Directions for this task: Print out the records that follow, exactly and completely.

Supplied information:
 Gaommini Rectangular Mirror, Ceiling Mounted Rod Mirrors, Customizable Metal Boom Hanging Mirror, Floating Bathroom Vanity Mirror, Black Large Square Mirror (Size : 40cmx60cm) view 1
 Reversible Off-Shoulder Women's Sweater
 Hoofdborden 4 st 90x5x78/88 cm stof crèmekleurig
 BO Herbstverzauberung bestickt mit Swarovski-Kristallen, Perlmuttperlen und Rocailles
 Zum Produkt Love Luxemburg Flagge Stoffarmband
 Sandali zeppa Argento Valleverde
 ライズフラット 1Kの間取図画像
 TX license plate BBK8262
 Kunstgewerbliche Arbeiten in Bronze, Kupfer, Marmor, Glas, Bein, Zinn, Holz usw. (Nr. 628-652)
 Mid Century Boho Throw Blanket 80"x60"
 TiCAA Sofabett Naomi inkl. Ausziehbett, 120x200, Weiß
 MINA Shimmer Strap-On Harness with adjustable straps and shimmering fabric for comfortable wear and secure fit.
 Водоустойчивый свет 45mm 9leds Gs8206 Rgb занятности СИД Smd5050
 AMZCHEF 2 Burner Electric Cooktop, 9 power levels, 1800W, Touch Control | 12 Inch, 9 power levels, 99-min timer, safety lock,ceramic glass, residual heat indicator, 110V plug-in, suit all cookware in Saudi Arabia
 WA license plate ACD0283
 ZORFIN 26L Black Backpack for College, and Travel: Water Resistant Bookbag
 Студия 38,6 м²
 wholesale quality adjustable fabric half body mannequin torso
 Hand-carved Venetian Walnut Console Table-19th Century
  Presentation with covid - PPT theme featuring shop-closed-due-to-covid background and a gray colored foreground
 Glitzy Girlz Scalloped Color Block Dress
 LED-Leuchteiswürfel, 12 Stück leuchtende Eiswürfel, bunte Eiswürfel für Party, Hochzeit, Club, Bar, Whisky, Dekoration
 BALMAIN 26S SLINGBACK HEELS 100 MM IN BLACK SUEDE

Output:
 Gaommini Rectangular Mirror, Ceiling Mounted Rod Mirrors, Customizable Metal Boom Hanging Mirror, Floating Bathroom Vanity Mirror, Black Large Square Mirror (Size : 40cmx60cm) view 1
 Reversible Off-Shoulder Women's Sweater
 Hoofdborden 4 st 90x5x78/88 cm stof crèmekleurig
 BO Herbstverzauberung bestickt mit Swarovski-Kristallen, Perlmuttperlen und Rocailles
 Zum Produkt Love Luxemburg Flagge Stoffarmband
 Sandali zeppa Argento Valleverde
 ライズフラット 1Kの間取図画像
 TX license plate BBK8262
 Kunstgewerbliche Arbeiten in Bronze, Kupfer, Marmor, Glas, Bein, Zinn, Holz usw. (Nr. 628-652)
 Mid Century Boho Throw Blanket 80"x60"
 TiCAA Sofabett Naomi inkl. Ausziehbett, 120x200, Weiß
 MINA Shimmer Strap-On Harness with adjustable straps and shimmering fabric for comfortable wear and secure fit.
 Водоустойчивый свет 45mm 9leds Gs8206 Rgb занятности СИД Smd5050
 AMZCHEF 2 Burner Electric Cooktop, 9 power levels, 1800W, Touch Control | 12 Inch, 9 power levels, 99-min timer, safety lock,ceramic glass, residual heat indicator, 110V plug-in, suit all cookware in Saudi Arabia
 WA license plate ACD0283
 ZORFIN 26L Black Backpack for College, and Travel: Water Resistant Bookbag
 Студия 38,6 м²
 wholesale quality adjustable fabric half body mannequin torso
 Hand-carved Venetian Walnut Console Table-19th Century
  Presentation with covid - PPT theme featuring shop-closed-due-to-covid background and a gray colored foreground
 Glitzy Girlz Scalloped Color Block Dress
 LED-Leuchteiswürfel, 12 Stück leuchtende Eiswürfel, bunte Eiswürfel für Party, Hochzeit, Club, Bar, Whisky, Dekoration
 BALMAIN 26S SLINGBACK HEELS 100 MM IN BLACK SUEDE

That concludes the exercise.